**Input data:**
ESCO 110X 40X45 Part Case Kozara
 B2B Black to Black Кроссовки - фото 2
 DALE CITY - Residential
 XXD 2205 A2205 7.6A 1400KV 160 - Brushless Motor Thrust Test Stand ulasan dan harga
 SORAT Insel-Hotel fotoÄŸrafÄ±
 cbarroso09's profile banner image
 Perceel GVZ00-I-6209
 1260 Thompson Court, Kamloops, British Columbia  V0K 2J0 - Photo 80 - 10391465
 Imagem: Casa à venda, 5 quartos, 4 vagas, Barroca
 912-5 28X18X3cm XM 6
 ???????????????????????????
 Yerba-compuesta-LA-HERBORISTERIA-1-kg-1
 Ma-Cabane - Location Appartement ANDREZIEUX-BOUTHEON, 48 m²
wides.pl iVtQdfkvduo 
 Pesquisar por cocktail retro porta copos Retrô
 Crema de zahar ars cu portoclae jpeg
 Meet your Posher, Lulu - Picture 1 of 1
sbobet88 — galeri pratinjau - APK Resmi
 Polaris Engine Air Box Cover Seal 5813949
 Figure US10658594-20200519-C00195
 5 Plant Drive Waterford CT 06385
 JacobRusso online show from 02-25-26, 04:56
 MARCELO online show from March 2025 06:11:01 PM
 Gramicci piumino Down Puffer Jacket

**What needs to be done:**
From the records above, copy only the lines starting with the line that holds "1260 Thompson Court, Kamloops, British" and going on through the line that holds "wides.pl iVtQdfkvduo", exactly as written.

**Task solution:**
 1260 Thompson Court, Kamloops, British Columbia  V0K 2J0 - Photo 80 - 10391465
 Imagem: Casa à venda, 5 quartos, 4 vagas, Barroca
 912-5 28X18X3cm XM 6
 ???????????????????????????
 Yerba-compuesta-LA-HERBORISTERIA-1-kg-1
 Ma-Cabane - Location Appartement ANDREZIEUX-BOUTHEON, 48 m²
wides.pl iVtQdfkvduo 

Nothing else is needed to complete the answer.